Product Topology

Products of Sets

If {X_1} and {X_2} are two non-empty sets, then the Cartesian product {X_1} \times {X_2} is defined as {X_1} \times {X_2} = \left\{ {\left( {{x_i},{x_j}:{x_i} \in {X_1},{x_j} \in {X_2}} \right)} \right\}.


Projection Maps

Let A and B be non-empty sets, then they can be defined by the following two functions:
(1) {p_1}:A \times B \to A defined as {p_1}\left( {a,b} \right) = a for all \left( {a,b} \right) \in A \times B
(2) {p_2}:A \times B \to B defined as {p_2}\left( {a,b} \right) = b for all \left( {a,b} \right) \in A \times B.

The above maps are called the projection maps on A and B respectively.

Note: Let {X_1},{X_2},{X_3}, \ldots {X_n} be non-empty sets, then the projection maps {p_1},{p_2},{p_3}, \ldots {p_n} can be defined similarly.


Product Topology

Let {X_1} \times {X_2} be the product of topological spaces {X_1} and {X_2}. The coarsest topology \tau on {X_1} \times {X_2} with respect to which the projection maps {p_1}:{X_1} \times {X_2} \to {X_1} and {p_2}:{X_1} \times {X_2} \to {X_2} are continuous, is said to be a product topology and thus the space \left( {{X_1} \times {X_2},\tau } \right) is said to be the product space.

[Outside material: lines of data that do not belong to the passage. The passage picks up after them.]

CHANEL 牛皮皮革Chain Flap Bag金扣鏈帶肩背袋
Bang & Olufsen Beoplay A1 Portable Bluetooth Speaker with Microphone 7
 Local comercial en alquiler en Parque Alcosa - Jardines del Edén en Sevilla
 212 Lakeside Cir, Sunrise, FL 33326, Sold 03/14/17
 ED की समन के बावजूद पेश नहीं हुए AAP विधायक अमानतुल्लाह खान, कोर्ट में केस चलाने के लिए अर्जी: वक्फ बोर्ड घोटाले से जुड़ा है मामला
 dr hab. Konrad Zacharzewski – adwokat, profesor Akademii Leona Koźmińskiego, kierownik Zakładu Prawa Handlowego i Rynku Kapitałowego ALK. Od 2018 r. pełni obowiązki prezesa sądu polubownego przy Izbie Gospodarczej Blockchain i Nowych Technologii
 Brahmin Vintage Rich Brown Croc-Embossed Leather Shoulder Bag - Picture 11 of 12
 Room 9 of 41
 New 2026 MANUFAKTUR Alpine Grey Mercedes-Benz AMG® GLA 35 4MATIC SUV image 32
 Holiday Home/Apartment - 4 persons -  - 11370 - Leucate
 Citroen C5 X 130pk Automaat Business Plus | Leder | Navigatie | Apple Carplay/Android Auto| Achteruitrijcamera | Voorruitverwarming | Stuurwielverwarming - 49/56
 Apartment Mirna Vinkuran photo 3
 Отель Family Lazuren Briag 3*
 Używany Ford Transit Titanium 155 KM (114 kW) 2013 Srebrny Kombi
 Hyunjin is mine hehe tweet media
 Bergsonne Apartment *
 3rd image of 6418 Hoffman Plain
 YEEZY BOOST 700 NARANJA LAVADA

• It may be observed that if {X_1} and {X_2} are distinct topological spaces then the collection S = \left\{ {p_1^{ - 1}\left( {{G_1}} \right)p_2^{ - 1}\left( {{G_2}} \right):{G_1} \in {\tau _1},{G_2} \in {\tau _2}} \right\} form a subbase for product topology on {X_1} \times {X_2}.
• It may be noted that if A and B are any open interval, then A \times B will be open rectangle strips. A collection of open rectangles form a basis for the usual topology on {\mathbb{R}^2}. So, generalizing this fact to the product of a finite number of spaces \left( {{X_1},{\tau _1}} \right) and \left( {{X_2},{\tau _2}} \right) are topological spaces then {\rm B} = \left\{ {{G_1} \times {G_2}:{G_1} \in {\tau _1},{G_2} \in {\tau _2}} \right\} form a basis for product topology.